''Premier supporter du FC Nantes !''

Jordan Veretout

Arrivé sur les bords de l'Erdre à l'âge de 10 ans, Jordan Veretout (27 ans) a effectué toute sa formation dans les rangs du FC Nantes avant d'intégrer puis de s'imposer au sein de l'effectif professionnel. Ses années au centre, ses débuts en professionnel, la remontée dans l'élite, son parcours depuis son départ, sa réussite en Série A et le Covid-19, le natif d'Ancenis, toujours très attaché à ses racines, se confie pour le troisième épisode de notre rubrique "Que deviens-tu ?".

Bonjour Jordan, comment vas-tu en cette période compliquée où l'Italie a notamment été particulièrement touchée ?

Jordan VERETOUT : "Je vais bien merci, ma famille aussi.
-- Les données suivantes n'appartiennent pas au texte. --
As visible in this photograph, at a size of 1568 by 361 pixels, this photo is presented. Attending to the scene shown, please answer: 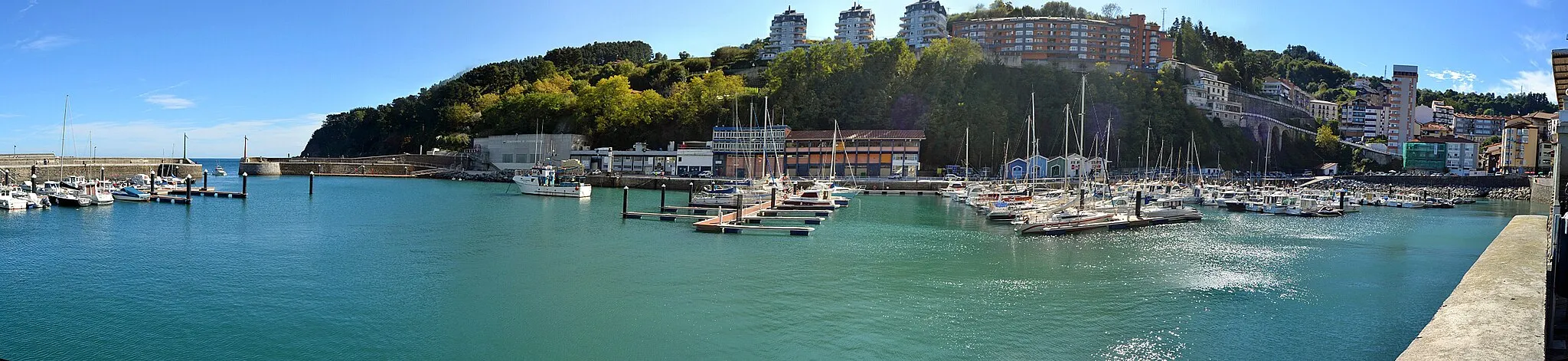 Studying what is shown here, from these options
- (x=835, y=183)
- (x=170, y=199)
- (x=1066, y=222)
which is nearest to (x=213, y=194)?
(x=170, y=199)

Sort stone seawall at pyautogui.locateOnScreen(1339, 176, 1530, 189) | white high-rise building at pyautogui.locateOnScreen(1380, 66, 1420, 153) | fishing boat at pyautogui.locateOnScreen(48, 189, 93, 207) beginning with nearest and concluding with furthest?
1. fishing boat at pyautogui.locateOnScreen(48, 189, 93, 207)
2. stone seawall at pyautogui.locateOnScreen(1339, 176, 1530, 189)
3. white high-rise building at pyautogui.locateOnScreen(1380, 66, 1420, 153)

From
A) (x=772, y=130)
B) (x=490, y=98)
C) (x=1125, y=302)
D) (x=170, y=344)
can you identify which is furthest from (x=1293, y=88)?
(x=170, y=344)

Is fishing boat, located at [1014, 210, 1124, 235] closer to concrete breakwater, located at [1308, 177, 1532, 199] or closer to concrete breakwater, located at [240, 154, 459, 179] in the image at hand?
concrete breakwater, located at [1308, 177, 1532, 199]

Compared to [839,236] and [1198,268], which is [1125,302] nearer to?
[1198,268]

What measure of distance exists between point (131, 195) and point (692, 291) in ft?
129

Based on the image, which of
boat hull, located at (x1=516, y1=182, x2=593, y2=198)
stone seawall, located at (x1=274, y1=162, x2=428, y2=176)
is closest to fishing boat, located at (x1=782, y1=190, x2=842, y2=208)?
boat hull, located at (x1=516, y1=182, x2=593, y2=198)

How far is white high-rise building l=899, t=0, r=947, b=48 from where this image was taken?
116m

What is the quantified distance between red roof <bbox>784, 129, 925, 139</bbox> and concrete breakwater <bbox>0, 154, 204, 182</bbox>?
4220cm

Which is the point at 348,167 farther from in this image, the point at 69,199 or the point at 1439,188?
the point at 1439,188

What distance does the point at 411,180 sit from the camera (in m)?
77.6

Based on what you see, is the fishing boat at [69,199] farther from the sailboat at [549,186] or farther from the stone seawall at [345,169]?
the stone seawall at [345,169]

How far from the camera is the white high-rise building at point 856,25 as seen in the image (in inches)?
4953

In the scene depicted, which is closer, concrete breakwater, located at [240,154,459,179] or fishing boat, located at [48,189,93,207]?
fishing boat, located at [48,189,93,207]

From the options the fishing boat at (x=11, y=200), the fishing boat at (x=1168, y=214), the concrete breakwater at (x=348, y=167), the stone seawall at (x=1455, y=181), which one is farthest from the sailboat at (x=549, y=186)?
the stone seawall at (x=1455, y=181) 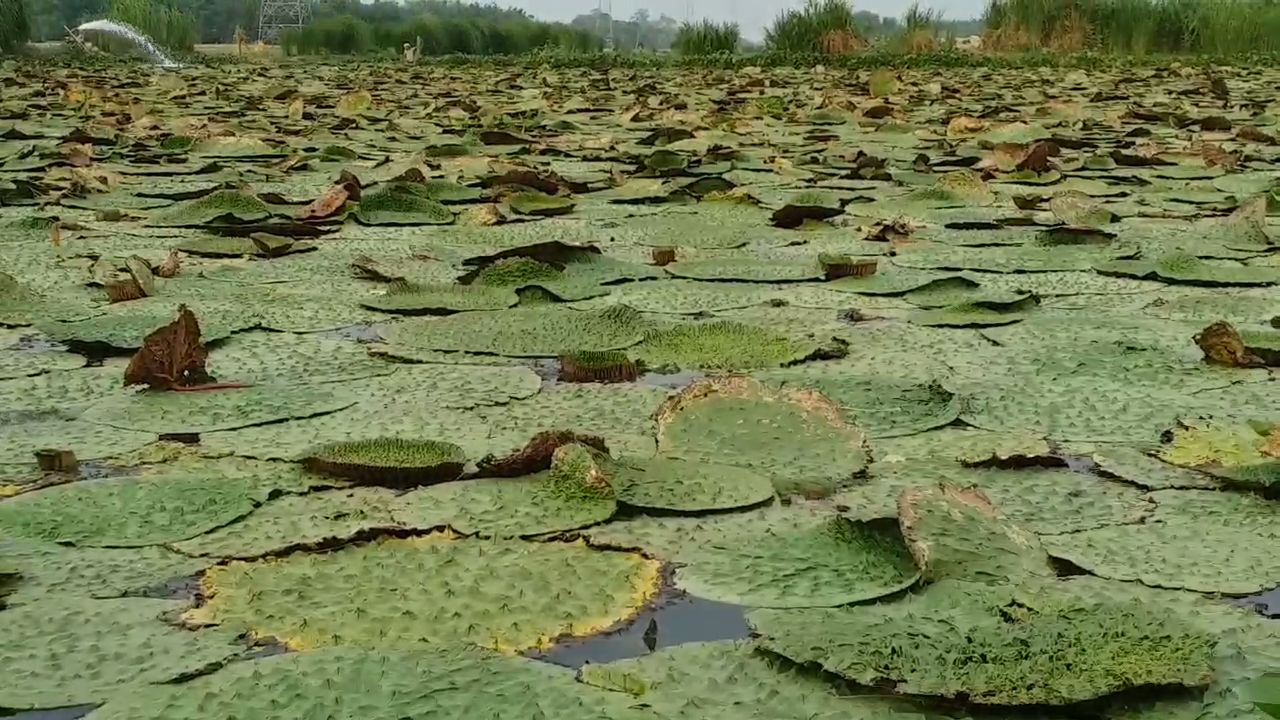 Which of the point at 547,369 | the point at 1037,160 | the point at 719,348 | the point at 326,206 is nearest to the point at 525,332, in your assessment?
the point at 547,369

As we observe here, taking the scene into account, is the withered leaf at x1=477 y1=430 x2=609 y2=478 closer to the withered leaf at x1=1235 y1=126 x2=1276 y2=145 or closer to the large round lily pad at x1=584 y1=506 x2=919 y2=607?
the large round lily pad at x1=584 y1=506 x2=919 y2=607

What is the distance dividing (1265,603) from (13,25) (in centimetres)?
1278

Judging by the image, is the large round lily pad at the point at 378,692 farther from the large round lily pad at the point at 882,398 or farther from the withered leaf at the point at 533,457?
the large round lily pad at the point at 882,398

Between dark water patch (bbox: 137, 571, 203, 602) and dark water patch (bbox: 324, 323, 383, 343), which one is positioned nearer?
dark water patch (bbox: 137, 571, 203, 602)

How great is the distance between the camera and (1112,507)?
128 centimetres

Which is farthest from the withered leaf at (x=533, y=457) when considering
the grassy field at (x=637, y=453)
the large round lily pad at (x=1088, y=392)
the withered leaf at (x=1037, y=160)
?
the withered leaf at (x=1037, y=160)

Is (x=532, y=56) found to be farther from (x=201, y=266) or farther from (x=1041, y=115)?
(x=201, y=266)

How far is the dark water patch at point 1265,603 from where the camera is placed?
105cm

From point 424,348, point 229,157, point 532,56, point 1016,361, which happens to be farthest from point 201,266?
point 532,56

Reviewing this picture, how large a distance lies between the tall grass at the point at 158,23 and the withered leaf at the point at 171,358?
1433 cm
C'est vrai qu'en Italie, ça a été très compliqué, surtout dans le Nord du pays avec la Lombardie par exemple. Ici à Rome, c'était un peu mieux même si évidemment, nous avons rapidement été mis en confinement."
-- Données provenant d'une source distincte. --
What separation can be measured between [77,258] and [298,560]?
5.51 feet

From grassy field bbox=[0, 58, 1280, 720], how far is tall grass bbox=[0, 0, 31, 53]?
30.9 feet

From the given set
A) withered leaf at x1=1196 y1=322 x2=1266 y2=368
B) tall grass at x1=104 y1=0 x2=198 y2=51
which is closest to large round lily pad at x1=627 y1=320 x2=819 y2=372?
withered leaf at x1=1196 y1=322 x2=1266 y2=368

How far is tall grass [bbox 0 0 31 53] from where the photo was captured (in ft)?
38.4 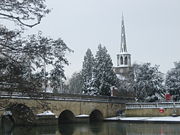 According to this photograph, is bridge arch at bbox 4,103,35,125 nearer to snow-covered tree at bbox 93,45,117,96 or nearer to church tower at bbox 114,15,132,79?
snow-covered tree at bbox 93,45,117,96

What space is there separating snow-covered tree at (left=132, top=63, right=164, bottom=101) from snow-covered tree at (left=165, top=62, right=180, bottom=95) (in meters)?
1.60

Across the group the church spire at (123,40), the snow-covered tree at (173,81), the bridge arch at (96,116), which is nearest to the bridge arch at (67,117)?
the bridge arch at (96,116)

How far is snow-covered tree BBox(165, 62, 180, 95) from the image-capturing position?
4653 centimetres

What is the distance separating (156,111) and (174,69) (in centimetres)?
1023

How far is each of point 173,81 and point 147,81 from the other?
158 inches

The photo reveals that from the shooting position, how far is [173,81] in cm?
4694

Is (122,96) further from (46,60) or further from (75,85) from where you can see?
(46,60)

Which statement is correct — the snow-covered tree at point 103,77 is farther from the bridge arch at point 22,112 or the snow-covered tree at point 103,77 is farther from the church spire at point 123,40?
the bridge arch at point 22,112

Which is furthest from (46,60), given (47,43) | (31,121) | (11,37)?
(31,121)

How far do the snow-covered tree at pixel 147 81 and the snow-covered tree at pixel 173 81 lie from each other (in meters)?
1.60

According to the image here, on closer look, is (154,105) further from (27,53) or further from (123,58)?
(123,58)

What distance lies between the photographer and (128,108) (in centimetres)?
4397

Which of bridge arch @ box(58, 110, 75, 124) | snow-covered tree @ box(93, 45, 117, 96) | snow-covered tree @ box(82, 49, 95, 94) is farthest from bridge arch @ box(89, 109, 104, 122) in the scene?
snow-covered tree @ box(82, 49, 95, 94)

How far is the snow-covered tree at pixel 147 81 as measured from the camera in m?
45.5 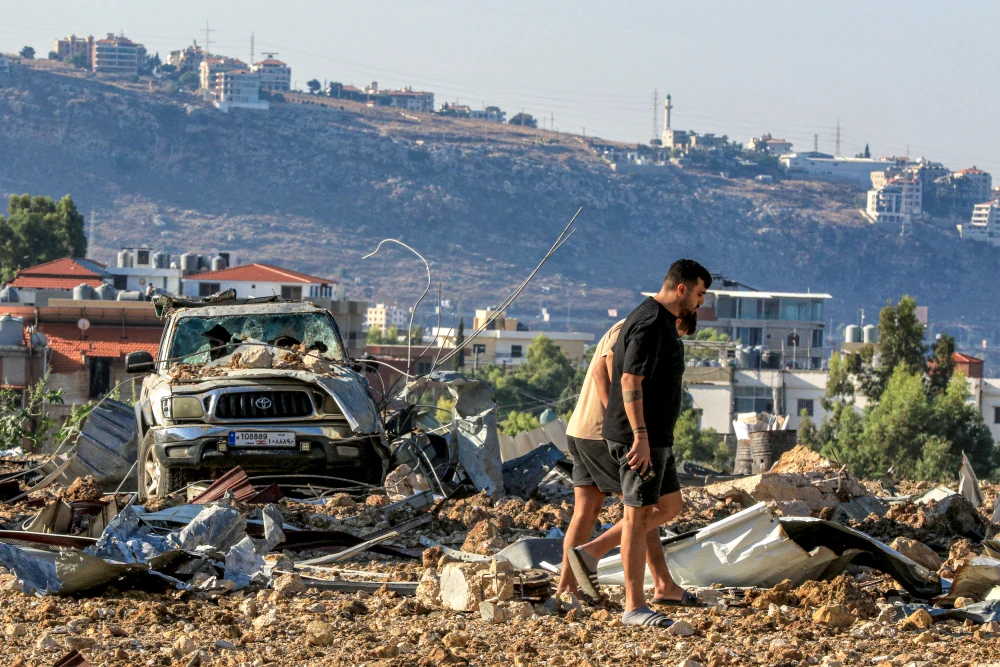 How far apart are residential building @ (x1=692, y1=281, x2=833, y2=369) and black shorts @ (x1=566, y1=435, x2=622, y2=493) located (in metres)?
141

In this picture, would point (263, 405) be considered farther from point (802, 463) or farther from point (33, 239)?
point (33, 239)

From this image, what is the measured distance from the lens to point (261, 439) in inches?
472

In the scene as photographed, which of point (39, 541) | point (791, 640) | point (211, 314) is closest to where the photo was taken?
point (791, 640)

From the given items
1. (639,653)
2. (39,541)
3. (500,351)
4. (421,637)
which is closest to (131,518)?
(39,541)

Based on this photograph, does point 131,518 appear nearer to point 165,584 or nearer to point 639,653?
point 165,584

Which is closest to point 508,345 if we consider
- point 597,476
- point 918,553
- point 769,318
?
point 769,318

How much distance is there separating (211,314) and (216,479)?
A: 6.29ft

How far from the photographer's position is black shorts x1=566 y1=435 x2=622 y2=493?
700 centimetres

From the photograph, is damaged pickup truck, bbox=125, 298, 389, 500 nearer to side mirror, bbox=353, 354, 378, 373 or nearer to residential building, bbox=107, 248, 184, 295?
side mirror, bbox=353, 354, 378, 373

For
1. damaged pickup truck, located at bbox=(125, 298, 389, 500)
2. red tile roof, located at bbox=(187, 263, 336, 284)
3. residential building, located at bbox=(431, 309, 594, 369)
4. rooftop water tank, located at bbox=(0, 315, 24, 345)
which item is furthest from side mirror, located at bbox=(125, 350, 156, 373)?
residential building, located at bbox=(431, 309, 594, 369)

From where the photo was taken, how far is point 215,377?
40.2ft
As-tu eu connaissance de cas de Covid-19 Ă  La Roma ?

"Non, personne n'a été touché au club, heureusement. En revanche, des joueurs de la Fiorentina, de la Juventus, de la Sampdoria de Gênes et d'autres encore ont contracté le Covid-19."
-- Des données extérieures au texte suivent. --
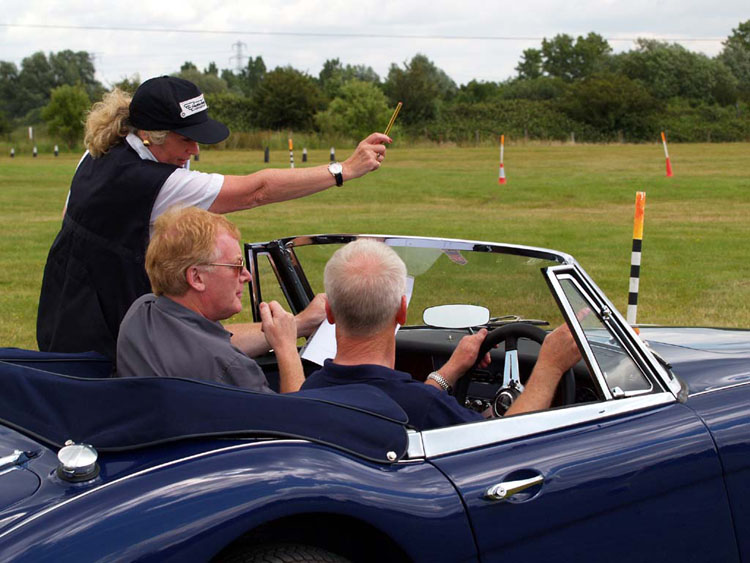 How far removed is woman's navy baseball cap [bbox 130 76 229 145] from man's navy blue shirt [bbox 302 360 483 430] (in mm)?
1416

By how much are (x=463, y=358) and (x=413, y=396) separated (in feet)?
2.27

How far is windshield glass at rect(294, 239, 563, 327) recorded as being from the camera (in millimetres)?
3148

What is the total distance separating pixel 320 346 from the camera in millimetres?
3627

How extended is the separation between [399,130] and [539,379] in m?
59.3

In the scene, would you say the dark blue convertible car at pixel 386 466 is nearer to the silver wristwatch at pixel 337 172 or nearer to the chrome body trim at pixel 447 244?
the chrome body trim at pixel 447 244

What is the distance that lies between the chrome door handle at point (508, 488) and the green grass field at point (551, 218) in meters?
6.84

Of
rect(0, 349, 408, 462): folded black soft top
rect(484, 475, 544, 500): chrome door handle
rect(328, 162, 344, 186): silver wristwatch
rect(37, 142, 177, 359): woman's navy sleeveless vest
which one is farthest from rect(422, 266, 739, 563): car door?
rect(37, 142, 177, 359): woman's navy sleeveless vest

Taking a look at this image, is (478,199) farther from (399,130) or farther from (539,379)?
(399,130)

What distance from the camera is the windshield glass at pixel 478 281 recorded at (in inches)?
124

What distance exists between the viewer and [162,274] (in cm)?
278

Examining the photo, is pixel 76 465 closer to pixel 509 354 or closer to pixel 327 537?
pixel 327 537

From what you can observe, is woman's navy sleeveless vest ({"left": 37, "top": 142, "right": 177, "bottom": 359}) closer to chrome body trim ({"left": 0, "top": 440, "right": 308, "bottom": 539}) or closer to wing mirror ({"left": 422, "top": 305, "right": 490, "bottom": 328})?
wing mirror ({"left": 422, "top": 305, "right": 490, "bottom": 328})

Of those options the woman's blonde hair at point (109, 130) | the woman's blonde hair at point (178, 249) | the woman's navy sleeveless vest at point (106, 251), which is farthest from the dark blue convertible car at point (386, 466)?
the woman's blonde hair at point (109, 130)

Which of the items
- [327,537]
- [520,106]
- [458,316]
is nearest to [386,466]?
[327,537] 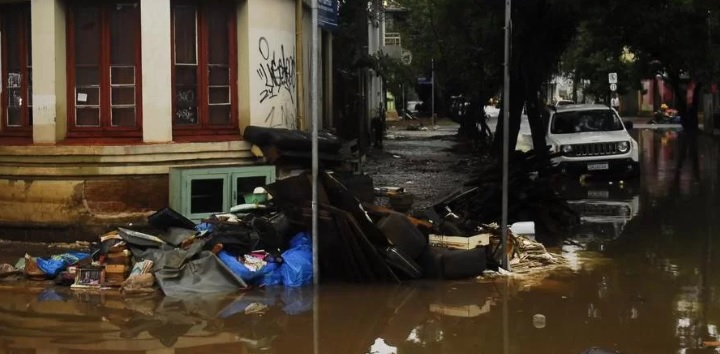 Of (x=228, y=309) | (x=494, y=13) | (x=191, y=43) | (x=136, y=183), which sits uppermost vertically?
(x=494, y=13)

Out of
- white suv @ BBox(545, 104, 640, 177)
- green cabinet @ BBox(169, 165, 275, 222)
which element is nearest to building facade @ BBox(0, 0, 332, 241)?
green cabinet @ BBox(169, 165, 275, 222)

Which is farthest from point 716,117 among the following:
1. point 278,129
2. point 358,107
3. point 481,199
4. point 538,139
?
point 278,129

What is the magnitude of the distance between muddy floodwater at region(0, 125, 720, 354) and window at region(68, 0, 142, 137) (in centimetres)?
268

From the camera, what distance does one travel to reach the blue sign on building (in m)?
8.99

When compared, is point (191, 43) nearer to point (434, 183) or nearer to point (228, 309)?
point (228, 309)

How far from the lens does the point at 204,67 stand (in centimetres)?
1090

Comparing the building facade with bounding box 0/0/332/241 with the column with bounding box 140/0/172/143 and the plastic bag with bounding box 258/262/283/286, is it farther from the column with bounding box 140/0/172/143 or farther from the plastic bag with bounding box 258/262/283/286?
the plastic bag with bounding box 258/262/283/286

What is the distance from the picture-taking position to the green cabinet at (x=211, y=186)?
1038cm

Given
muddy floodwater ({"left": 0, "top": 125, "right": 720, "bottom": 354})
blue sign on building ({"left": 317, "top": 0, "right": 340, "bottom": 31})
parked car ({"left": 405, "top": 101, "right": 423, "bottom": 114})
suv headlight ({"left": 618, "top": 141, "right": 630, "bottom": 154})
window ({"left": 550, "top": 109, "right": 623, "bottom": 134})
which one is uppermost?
parked car ({"left": 405, "top": 101, "right": 423, "bottom": 114})

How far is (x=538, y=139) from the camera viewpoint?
1805 cm

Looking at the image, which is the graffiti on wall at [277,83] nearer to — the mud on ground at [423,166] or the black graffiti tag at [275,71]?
the black graffiti tag at [275,71]

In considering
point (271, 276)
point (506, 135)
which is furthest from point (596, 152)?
point (271, 276)

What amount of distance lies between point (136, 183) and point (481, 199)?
4.76 m

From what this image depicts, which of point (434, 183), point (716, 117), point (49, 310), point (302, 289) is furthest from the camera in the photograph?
point (716, 117) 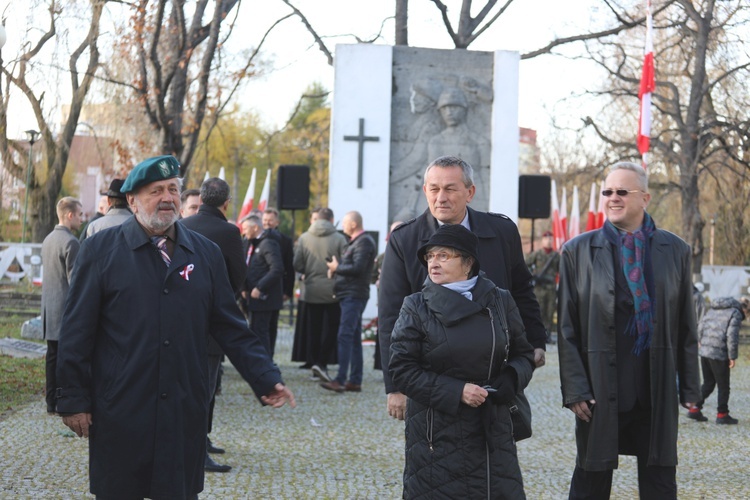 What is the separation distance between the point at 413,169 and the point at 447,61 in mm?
2266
Le 11 mars dernier, le club avait annoncé vouloir rester en Italie plutôt que d'aller jouer le 8ème de finale aller de Ligue Europa, face au FC Séville. Une sage décision, non ?

"Effectivement, on devait aller jouer à Séville le lendemain, une rencontre importante dans notre saison, la première de la phase finale dans cette compétition européenne. Toute l'équipe s'était bien entraînée, moi aussi même si personnellement j'étais suspendu après avoir reçu plusieurs avertissements (il sourit). Les gars devaient partir le mercredi après-midi mais dès le midi, on a été informé qu'on n'irait pas. Je pense bien évidemment que c'était la meilleure décision à prendre. Ce choix a beaucoup joué sur la protection de notre santé."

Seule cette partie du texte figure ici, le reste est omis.